-- Records to process follows --
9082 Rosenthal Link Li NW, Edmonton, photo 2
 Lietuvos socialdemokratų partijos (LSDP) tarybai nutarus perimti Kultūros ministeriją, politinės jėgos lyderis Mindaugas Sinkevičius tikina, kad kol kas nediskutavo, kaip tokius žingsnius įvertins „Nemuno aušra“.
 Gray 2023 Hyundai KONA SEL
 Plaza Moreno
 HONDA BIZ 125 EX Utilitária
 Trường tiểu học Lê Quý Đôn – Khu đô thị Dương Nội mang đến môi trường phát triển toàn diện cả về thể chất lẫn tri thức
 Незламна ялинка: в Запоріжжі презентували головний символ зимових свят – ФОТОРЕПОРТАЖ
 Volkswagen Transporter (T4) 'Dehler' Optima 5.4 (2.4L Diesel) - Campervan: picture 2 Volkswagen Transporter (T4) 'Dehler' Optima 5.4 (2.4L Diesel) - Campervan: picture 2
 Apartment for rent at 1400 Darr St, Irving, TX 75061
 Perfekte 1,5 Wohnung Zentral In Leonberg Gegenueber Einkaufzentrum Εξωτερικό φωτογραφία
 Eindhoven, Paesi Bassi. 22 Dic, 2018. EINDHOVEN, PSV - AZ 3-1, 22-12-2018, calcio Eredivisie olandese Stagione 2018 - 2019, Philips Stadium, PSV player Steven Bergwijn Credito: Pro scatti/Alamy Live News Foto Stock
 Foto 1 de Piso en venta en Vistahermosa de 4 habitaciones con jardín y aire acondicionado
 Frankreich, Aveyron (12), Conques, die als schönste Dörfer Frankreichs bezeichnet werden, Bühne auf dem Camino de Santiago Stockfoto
-- Records to process concluded --
## Required action
Whatever else the listing above holds, retype exactly only the lines from the one containing "Незламна ялинка: в" to the one containing "Perfekte 1,5 Wohnung", both ends kept.

## Completed exercise
 Незламна ялинка: в Запоріжжі презентували головний символ зимових свят – ФОТОРЕПОРТАЖ
 Volkswagen Transporter (T4) 'Dehler' Optima 5.4 (2.4L Diesel) - Campervan: picture 2 Volkswagen Transporter (T4) 'Dehler' Optima 5.4 (2.4L Diesel) - Campervan: picture 2
 Apartment for rent at 1400 Darr St, Irving, TX 75061
 Perfekte 1,5 Wohnung Zentral In Leonberg Gegenueber Einkaufzentrum Εξωτερικό φωτογραφία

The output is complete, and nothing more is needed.